If $L$ is any line bundle over a compex manifold $X$, a square root of $L$ is a line bundle $M$ such that $M^{\otimes2}=L$. So your guess in part (2) is correct.

This square root (if it exists) is not unique in general, and two of them will differ by a $2$-torsion line bundle, that is a line bundle $\eta$ such that $\eta^{\otimes 2}$ is trivial. In particular, if $\textrm{Pic}(X)$ is torsion free, then there is at most one square root.

In some cases no square root exists. Some general results are:

  1. A line bundle of degree $0$ has always at least one square root. This because $\textrm{Pic}^0(X)$ is a complex torus, hence a divisible group (in fact, there are roots of any order).

  2. A line bundle over a Riemann surface of genus $g$ has a square root if and only if it has even degree.
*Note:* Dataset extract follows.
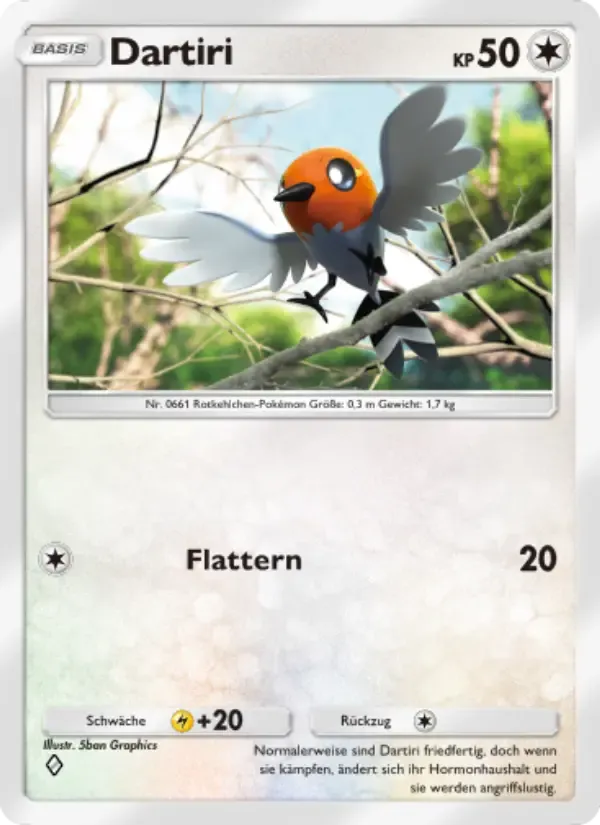 Fletchling card in German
The number of different square roots equals in this case $2^{2g}$, the number of $2$-torsion points in $\textrm{Pic}^0(X) \cong \textrm{Jac}(X)$.

  3. If $L$ is effective, that is $H^0(X, L) \neq 0$, and $Z \subset X$ is the zero locus of a holomorphic section of $L$, then the existence of a square root of $L$ is equivalent to the existence of a double cover $Y \to X$ branched over $Z$. In particular, non-trivial square roots of the trivial bundle correspond to non-trivial unramified double covers of $X$.

The square root of the canonical bundle of the Riemann Sphere $S$ is unique, since $\textrm{Pic}(S)=\mathbb{Z}$, and it is isomorphic to $\mathcal{O}(-1)$, the dual of the hyperplane bundle (the unique line bundle of degree $1$, whose transition function is $z \to 1/z$).

A readable introduction to spinor bundles is provided in the book of MOORE "Lectures on Seiberg-Witten invariants".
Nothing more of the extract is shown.